In addition, Anna-Liisa Laine transferred from working as a university lecturer and academy research fellow to the position of professor in plant ecology at the Department of Biosciences this April.
Her list of recognitions from the past few years is impressive. In 2012, Anna-Liisa Laine received a Starting Grant from the European Research Council worth 1.5 million euros. That same year, she also received the Academy of Finland Award.
Women at the forefront of science
Despite these accomplishments, her most prominent recognition outside the scientific community was the For Women in Science fellowship offered by L'Oréal and UNESCO. That grant opened the doors to a form of support still unknown to many researchers: mentoring. Laine’s mentee is a young brain researcher working at Aalto University.
“Mentoring is very different from supervising a dissertation, for example. It’s led by the mentee. Thanks to our compatible personalities, we’ve had a good, easy mentoring relationship. For example, Julia has asked me to explain the thought processes that are related to scientific work,” Laine explains.
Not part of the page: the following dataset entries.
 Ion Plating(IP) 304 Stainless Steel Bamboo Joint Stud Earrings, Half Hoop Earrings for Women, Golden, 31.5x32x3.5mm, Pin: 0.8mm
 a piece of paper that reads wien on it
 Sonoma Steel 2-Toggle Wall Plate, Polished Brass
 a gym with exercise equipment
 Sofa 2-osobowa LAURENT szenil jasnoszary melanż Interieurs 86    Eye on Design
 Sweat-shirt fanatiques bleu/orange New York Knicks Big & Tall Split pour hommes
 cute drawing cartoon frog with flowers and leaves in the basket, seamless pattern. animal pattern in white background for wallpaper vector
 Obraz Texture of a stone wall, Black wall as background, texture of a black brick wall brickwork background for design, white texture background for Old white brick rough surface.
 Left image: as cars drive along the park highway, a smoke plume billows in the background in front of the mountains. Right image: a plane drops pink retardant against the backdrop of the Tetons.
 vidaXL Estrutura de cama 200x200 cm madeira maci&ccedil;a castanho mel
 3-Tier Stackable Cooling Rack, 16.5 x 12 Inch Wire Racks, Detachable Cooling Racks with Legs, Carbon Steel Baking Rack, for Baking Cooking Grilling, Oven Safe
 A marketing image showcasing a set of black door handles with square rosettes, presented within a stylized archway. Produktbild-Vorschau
Six-year-old future professors
In addition to research, teaching and supervision, the docent of the year also finds time to serve science to children in bite-size portions. Laine initiated the Science Goes Kindergarten event, which has during the past two years introduced dozens of five- and six-year-olds from the Helsinki region to scientific work – from pipetting to measuring caterpillars.
In addition to Laine’s research group, the event has been organised by members of other groups in the Metapopulation Research Centre.
One of the goals of the children’s science workshops is to show that science is for both girls and boys. This way the organisers hope to get more women to the highest echelons of the scientific community. At the moment, many women cut promising scientific careers short because they have no role models.